# Pay Rent to Live With His Sisters?



## chellepadriga (Sep 17, 2015)

I’ve been with my boyfriend for 4 years and we are serious, meaning we plan to one day marry and have kids. He’s 25 and I’m 26. Some of you know I stay at his house a lot but I go back and forth between my parents’ and his place. In our culture it’s still pretty common to live with parents if not married.

Anyways, he lives in a house with his sisters and one of their boyfriends. It used to be his moms but she got married and moved out. House was supposed to be my boyfriend’s but all his sisters moved back in after relationship issues in the past. He's been actually waiting for them to move out which is why it took so long for him to actually consider to move out until this point after he realizes they're not going anywhere.

For a while we have been talking about getting our own place but it’s hard when my job is kind of unstable but I’ve been saving money and him going to school is a lot of money. We are so tired of cleaning up after his sisters. We clean their dishes, put them away, throw away old spoiled food they leave out and in fridge, take out trash, cut grass, buy groceries, and I’ve cleaned the bathroom.

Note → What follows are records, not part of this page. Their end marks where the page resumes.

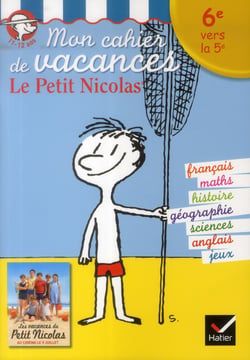 Le petit nicolas - mon cahier de vacances - 6ème ers la 5ème - 11/12 ans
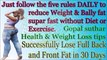 Just follow five rules DAILY to reduce weight & bally fat  without diet or exercise | Super rules to reduce Obesity | Gopal suthar Health & Weight loss tips  in Hindi
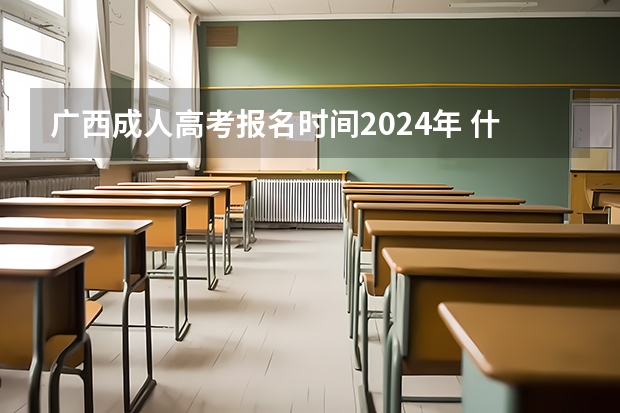 广西成人高考报名时间2024年 什么时候截止？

So last night my bf and I were completely shocked when they called a meeting and said we don’t help out enough. We explained how we have done so much and they just brushed over it on to another “issue” saying we never help buy toilet paper and other essentials when running low. My bf defended me saying I do that stuff. It is the truth, but I haven’t recently because I haven’t seen it ran low because I always see it in stock. So we said if it’s a problem let’s make a list of things we run low on and they’re like “I don’t think that’s necessary you should be adult enough to know” as if we’re psychic. They feel like they shouldn’t have to announce it.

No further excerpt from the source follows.